What is expected
In the material below, pictures must be dropped. Repeat exactly, and only, the lines from the line with "And you're done." to the line with "Hey everybody, how's", both ends included.
=== Data for review ===
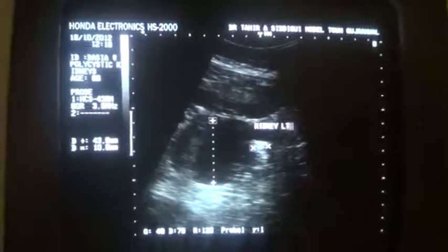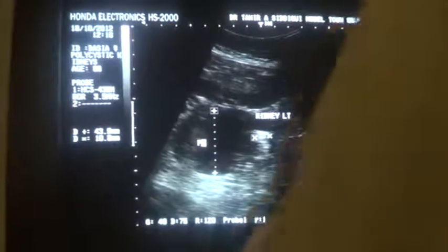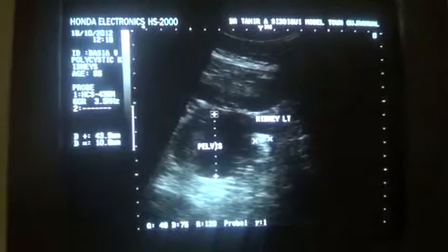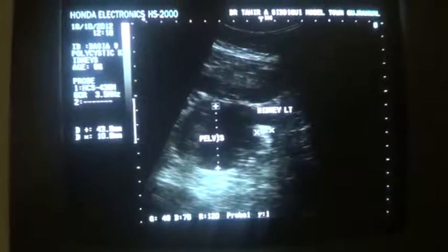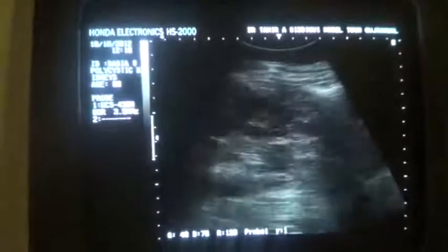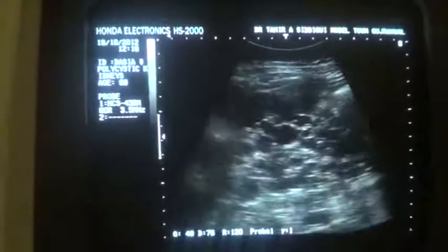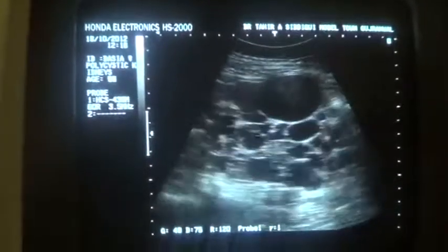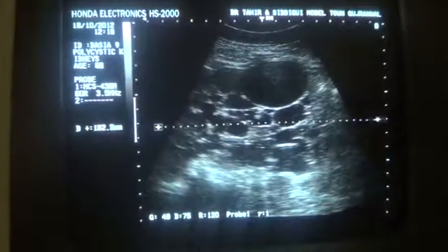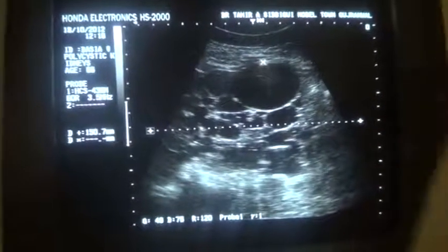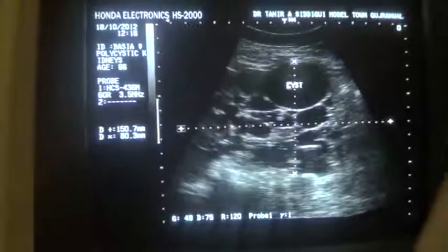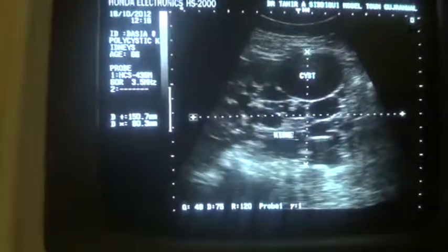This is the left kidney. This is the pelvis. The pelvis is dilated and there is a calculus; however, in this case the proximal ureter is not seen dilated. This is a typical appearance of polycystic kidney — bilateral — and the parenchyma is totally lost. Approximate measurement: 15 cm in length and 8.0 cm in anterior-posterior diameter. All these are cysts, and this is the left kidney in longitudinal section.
===
=== Data for review ===
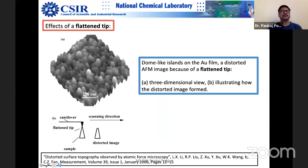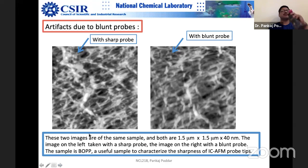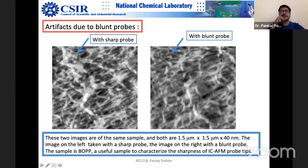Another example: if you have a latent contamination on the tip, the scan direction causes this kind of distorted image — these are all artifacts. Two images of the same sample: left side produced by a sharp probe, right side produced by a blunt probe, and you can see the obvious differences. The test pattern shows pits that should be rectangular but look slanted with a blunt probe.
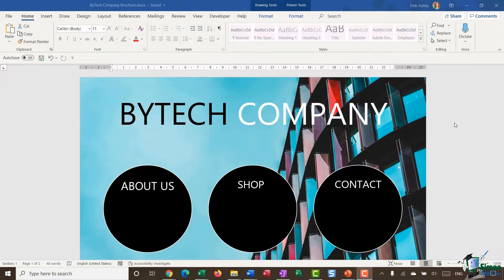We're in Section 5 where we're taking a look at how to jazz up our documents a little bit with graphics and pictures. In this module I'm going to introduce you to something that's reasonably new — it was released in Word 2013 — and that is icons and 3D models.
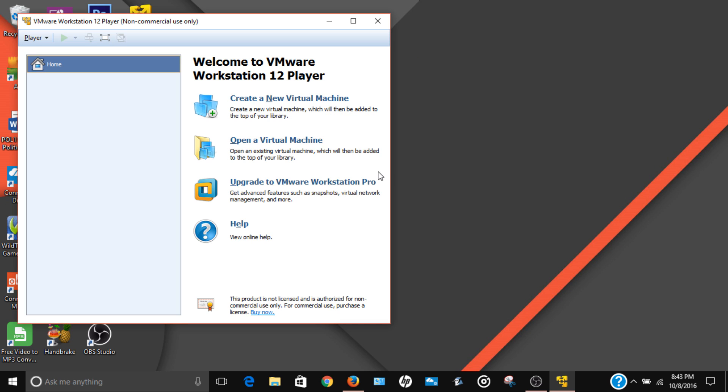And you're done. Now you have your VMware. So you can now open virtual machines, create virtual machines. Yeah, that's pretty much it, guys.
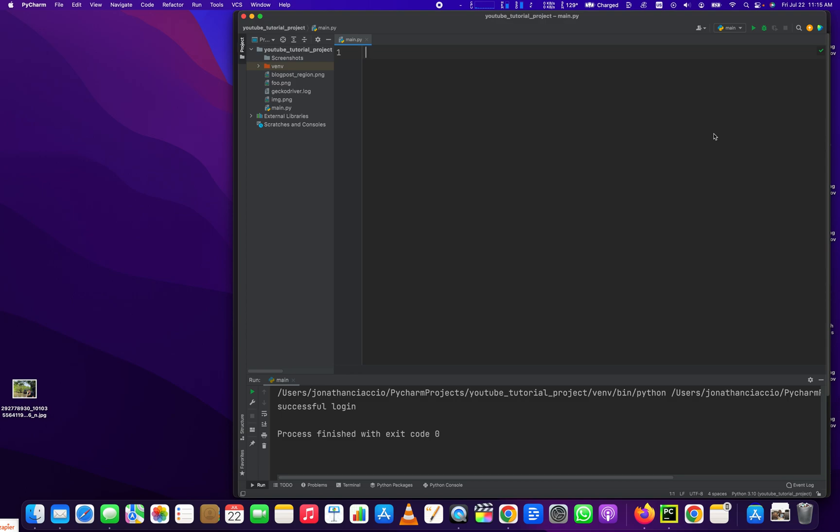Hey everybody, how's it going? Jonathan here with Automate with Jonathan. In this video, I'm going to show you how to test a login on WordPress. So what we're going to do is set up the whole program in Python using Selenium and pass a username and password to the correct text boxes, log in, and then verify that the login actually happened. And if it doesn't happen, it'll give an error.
===
Exercise answer
And you're done. Now you have your VMware. So you can now open virtual machines, create virtual machines. Yeah, that's pretty much it, guys.
Hey everybody, how's it going? Jonathan here with Automate with Jonathan. In this video, I'm going to show you how to test a login on WordPress. So what we're going to do is set up the whole program in Python using Selenium and pass a username and password to the correct text boxes, log in, and then verify that the login actually happened. And if it doesn't happen, it'll give an error.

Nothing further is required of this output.